Esta irregularidad. Este error de programación, aberración visual que vivimos. La polarización que nos hace buenos o malos según convenga al gran hermano, estúpido y ciego, como su ombligo. Me toca las narices no poder vivir espontáneamente. Y, como siempre, tengo que explicar mis palabras como mis actos, pues pueden ser malinterpretadas por la neutralidad mediocre que rige nuestro código de valores, nuestra ley rectora. Si ves alguien con pasamontañas, no tiene frío: Tiene algo que esconder. Peor aún: Es un posible terrorista uzbeko o de cualquier república que termine en -istán con ganas de reventarse el abdomen con las adherencias de C4 que lleva en las lorzas. Si, por otro lado, lleva una bandera de España, es un facha de mierda que quiere anular la identidad histórica de cualquier región pegada al Bierzo, Bierzo libre o república independiente del Bierzo, o de otras regiones reprimidas y oprimidas por esa detestable enseña del odio.
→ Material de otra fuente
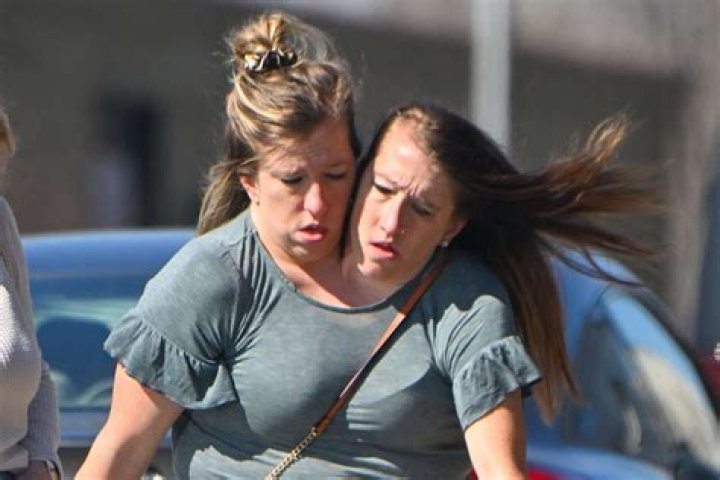 Understanding the Life and Legacy of Abby and Brittany Hensel: What is the Cause of Death?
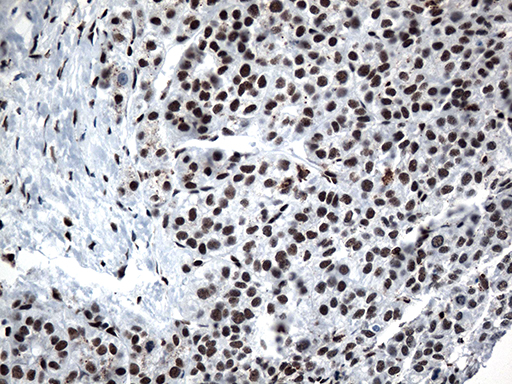 GTF3C4 Antibody - Immunohistochemical staining of paraffin-embedded Carcinoma of Human liver tissue using anti-GTF3C4 mouse monoclonal antibody. (Heat-induced epitope retrieval by 1mM EDTA in 10mM Tris buffer. (pH8.5) at 120°C for 3 min. (1:500)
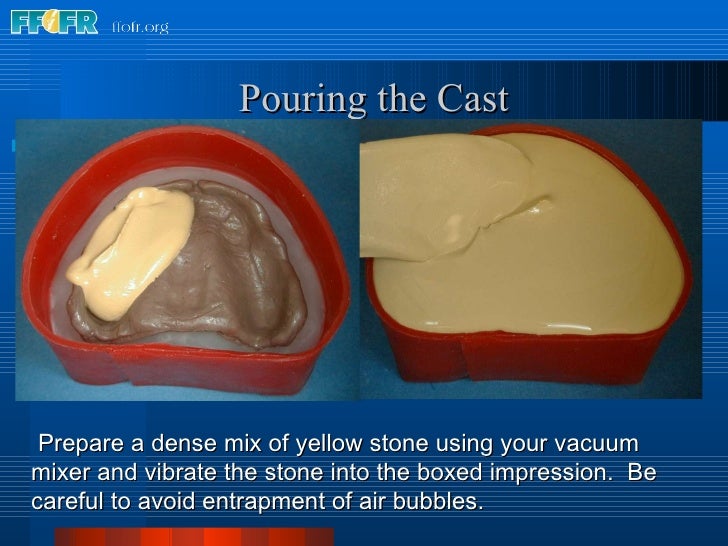 8.boxing impressions and making casts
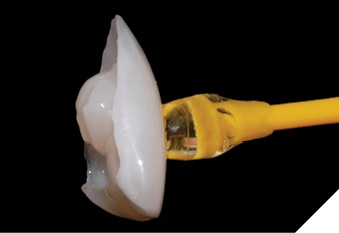 Highly stable consistency of the material (without pressure).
Y no hablemos de cuando estás con niños. Ahora, por su bien, todos los que tengan relación de cualquier tipo con niños, ha de sacarse un certificado de penales, pues es un sospechoso de pedofilia. Digo pedofilia que no pederastia, porque suena peor una palabra que empieza por Pedo. Bueno. Hoy he estado en un acto del colegio y no deja de asombrarme la dulzura de la mirada inocente de los niños. Aún no están tan desesperados como para fajarse un cinturón explosivo ni una bandera que pueda reprimir a otros niños. Sólo tienen la limpieza y la confianza suficiente para contestarte con un sí o un no y ser suficiente: Para compartir un plato de gominolas o reírse a carcajadas escondidos tras la pierna de su padre, lugar de máximo refugio. Es una bendición poder entrar en contacto con la divina inocencia, la dulzura celeste de quien aún no tiene retranca. Del que duerme con cuatro angelitos que le acompañan.